START DATASET EXTRACT
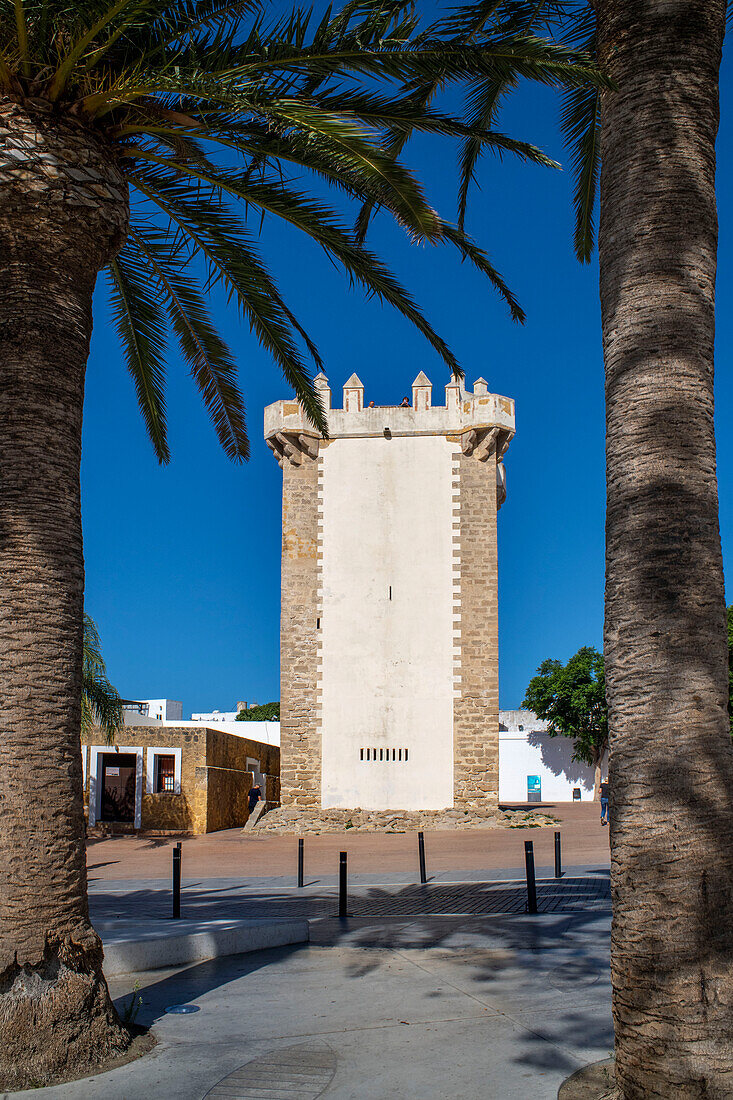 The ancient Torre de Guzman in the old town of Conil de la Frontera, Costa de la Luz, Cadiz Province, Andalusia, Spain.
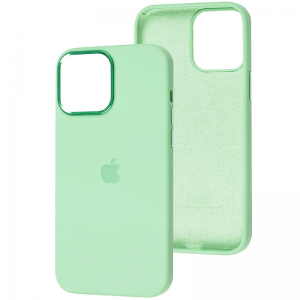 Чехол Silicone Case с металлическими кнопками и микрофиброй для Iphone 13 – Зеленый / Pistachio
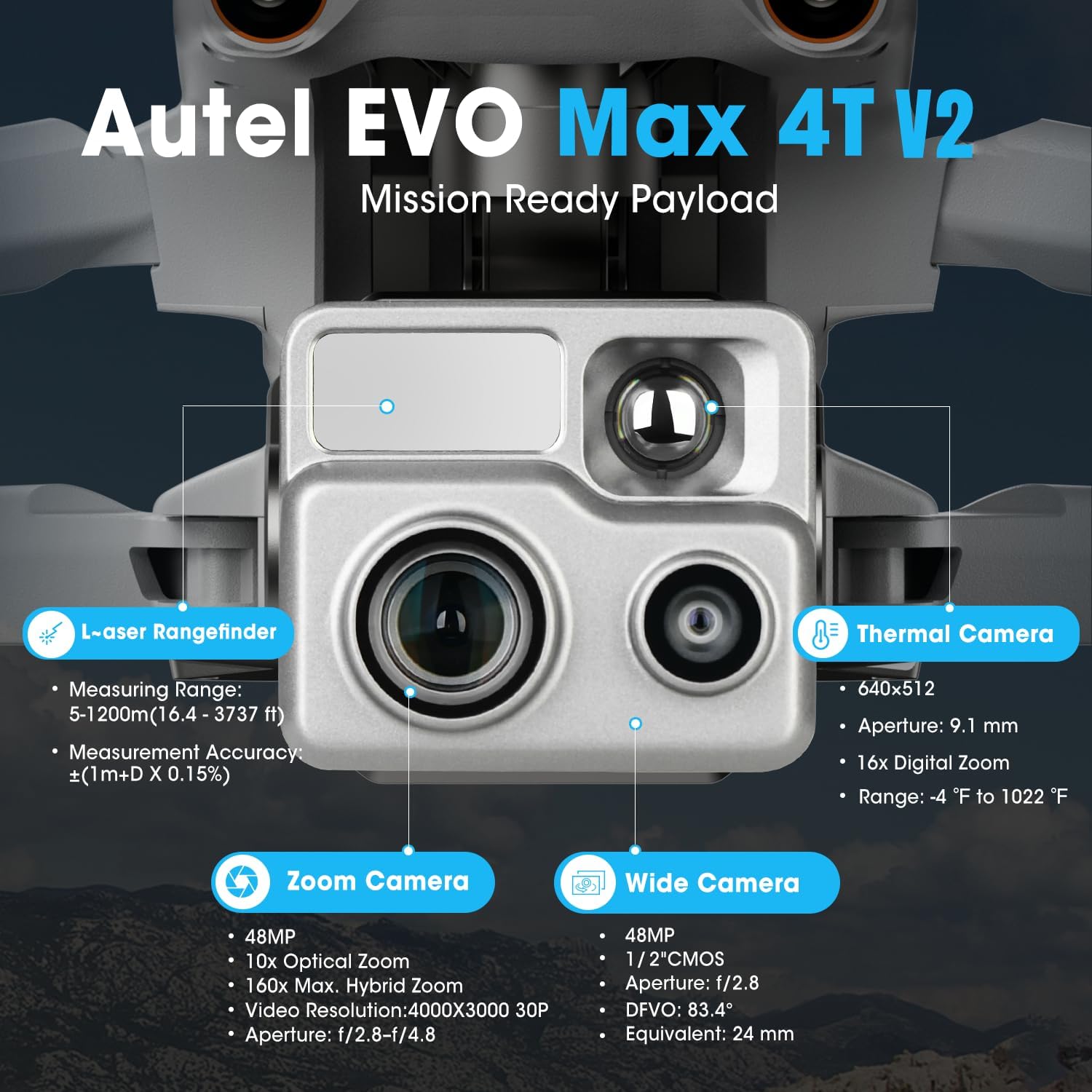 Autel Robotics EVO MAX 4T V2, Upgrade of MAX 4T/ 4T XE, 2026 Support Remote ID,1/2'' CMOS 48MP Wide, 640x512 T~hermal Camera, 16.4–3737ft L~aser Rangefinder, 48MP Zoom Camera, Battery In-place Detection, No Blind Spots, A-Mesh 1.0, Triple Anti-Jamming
END DATASET EXTRACT
• [WORK REQUIRED]: From the line containing "Чехол Silicone Case" down to the end of the listing above, every line is to be returned exactly, though the pictures are not.

• [TASK RESPONSE]:
 Чехол Silicone Case с металлическими кнопками и микрофиброй для Iphone 13 – Зеленый / Pistachio
 Autel Robotics EVO MAX 4T V2, Upgrade of MAX 4T/ 4T XE, 2026 Support Remote ID,1/2'' CMOS 48MP Wide, 640x512 T~hermal Camera, 16.4–3737ft L~aser Rangefinder, 48MP Zoom Camera, Battery In-place Detection, No Blind Spots, A-Mesh 1.0, Triple Anti-Jamming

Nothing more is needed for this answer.